Arnold's recording credits include over twenty albums and DVDs (on Muse-eek Records, Mel Bay Recordings, Truefire and other labels), ranging from standard jazz repertoire to free improvisation to reinterpretations of classical music.

=== Teaching and writing ===
He is the director of Guitar Studies at New York University and Princeton University as well as the creator of the New York University Summer Guitar Intensive. He has taught at the New England Conservatory, Dartmouth College, Berklee, New School University, and City College of New York.

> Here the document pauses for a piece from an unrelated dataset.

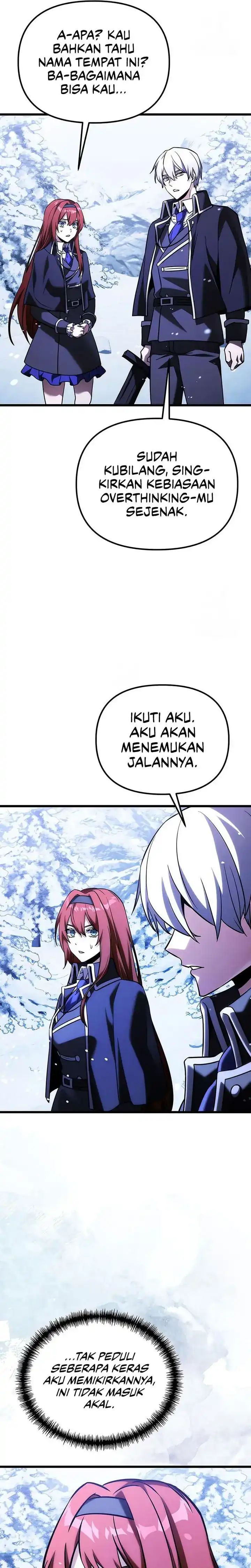 Terminally-Ill Genius Dark Knight Chapter 133 halaman 30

Arnold's theoretical works have explored the use of pitch class set theory within an improvisational setting. He has also written more than 60 music instruction books covering guitar pedagogy, ear training, and time studies.

==Discography==
===As leader===
- Act of Finding (OODiscs, 1995)
- Blue Eleven (MMC, 1996)
- Havana Manana (Bembe, 1999)
- Give 'em Some (Muse Eek, 2002)
- Two Guys from South Dakota (Muse Eek, 2004)
- Duets with Olivier Ker Ourio (Muse Eek, 2004)
- Disklaimer with Tom Hamilton (Muse Eek, 2005)
- Intersections (Muse Eek, 2005)
- String Theory (Muse Eek, 2005)
- Aspiration with Dusan Bogdanovic (Muse Eek, 2007)
- Blue Lotus (Muse Eek, 2007)
- Art of the Blues (Muse Eek, 2010)
- Invocation with Gilbert Isbin (Muse Eek, 2010)
- Heavy Mental (Muse Eek, 2010)
- Multiplicity (Muse Eek, 2010)
- Sonic Infestation with John Stowell (Muse Eek, 2011)
- Dakota Gumbo with Mike Miller (Muse Eek, 2011)
- Secret Code with Jane Getter (Muse Eek, 2011)
- Vanishing Point (Muse Eek 2019)
- Heard Instinct with Kenny Wessel (Muse Eek 2021)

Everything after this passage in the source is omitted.